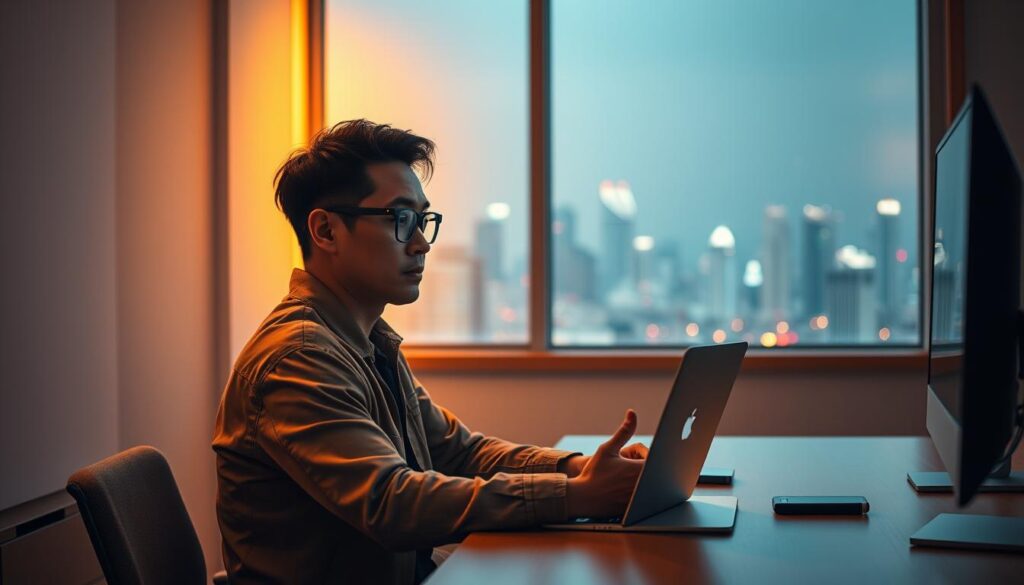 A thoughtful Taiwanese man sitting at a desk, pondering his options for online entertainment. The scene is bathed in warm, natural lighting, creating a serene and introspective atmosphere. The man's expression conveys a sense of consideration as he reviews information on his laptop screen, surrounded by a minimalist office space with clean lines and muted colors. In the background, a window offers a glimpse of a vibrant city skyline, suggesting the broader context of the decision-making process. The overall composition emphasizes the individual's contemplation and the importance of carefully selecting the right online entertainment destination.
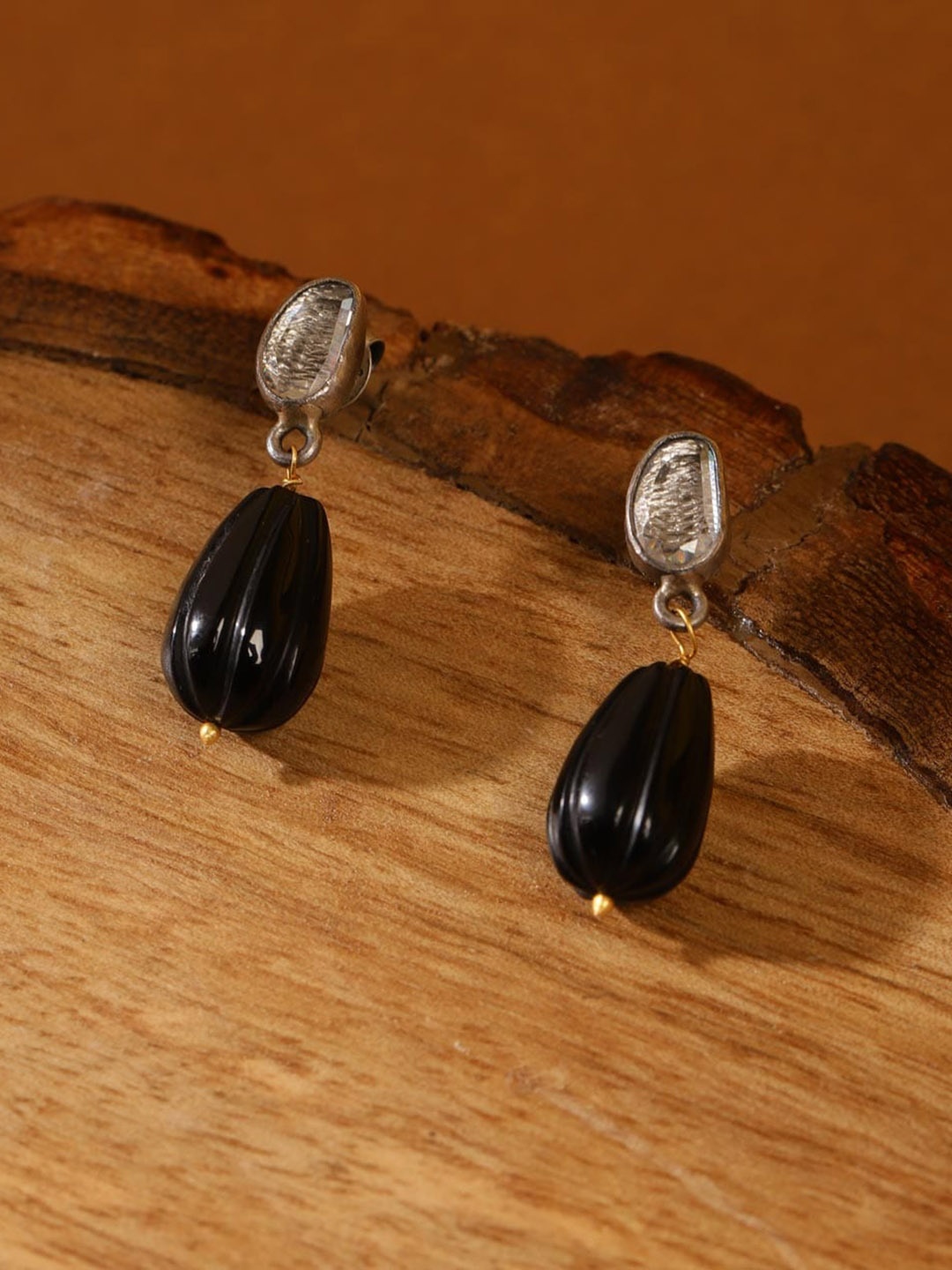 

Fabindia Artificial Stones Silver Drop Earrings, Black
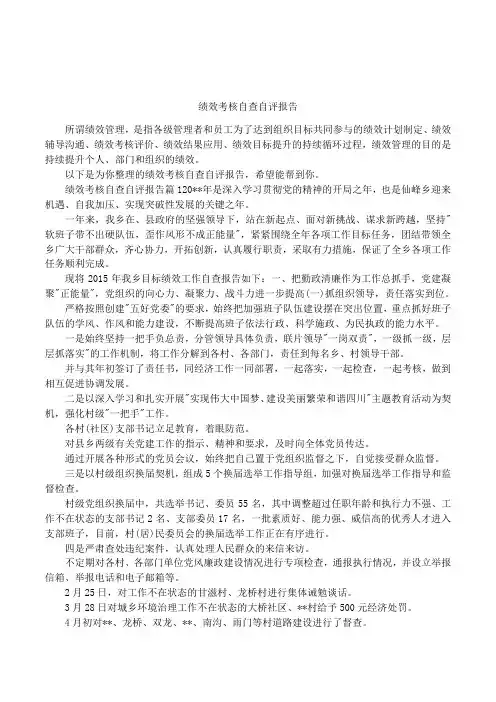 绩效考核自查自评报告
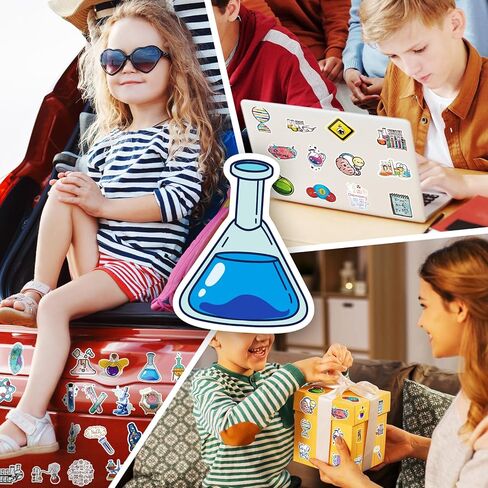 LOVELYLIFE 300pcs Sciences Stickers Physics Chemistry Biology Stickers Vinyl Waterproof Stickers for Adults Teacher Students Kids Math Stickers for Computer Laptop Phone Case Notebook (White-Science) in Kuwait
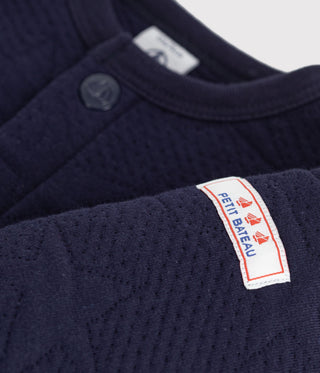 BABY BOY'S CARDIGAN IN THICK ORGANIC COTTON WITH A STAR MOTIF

+++

All the lines above are to be given again exactly as they read, with the pictures removed.

 A thoughtful Taiwanese man sitting at a desk, pondering his options for online entertainment. The scene is bathed in warm, natural lighting, creating a serene and introspective atmosphere. The man's expression conveys a sense of consideration as he reviews information on his laptop screen, surrounded by a minimalist office space with clean lines and muted colors. In the background, a window offers a glimpse of a vibrant city skyline, suggesting the broader context of the decision-making process. The overall composition emphasizes the individual's contemplation and the importance of carefully selecting the right online entertainment destination.

Fabindia Artificial Stones Silver Drop Earrings, Black
 绩效考核自查自评报告
 LOVELYLIFE 300pcs Sciences Stickers Physics Chemistry Biology Stickers Vinyl Waterproof Stickers for Adults Teacher Students Kids Math Stickers for Computer Laptop Phone Case Notebook (White-Science) in Kuwait
 BABY BOY'S CARDIGAN IN THICK ORGANIC COTTON WITH A STAR MOTIF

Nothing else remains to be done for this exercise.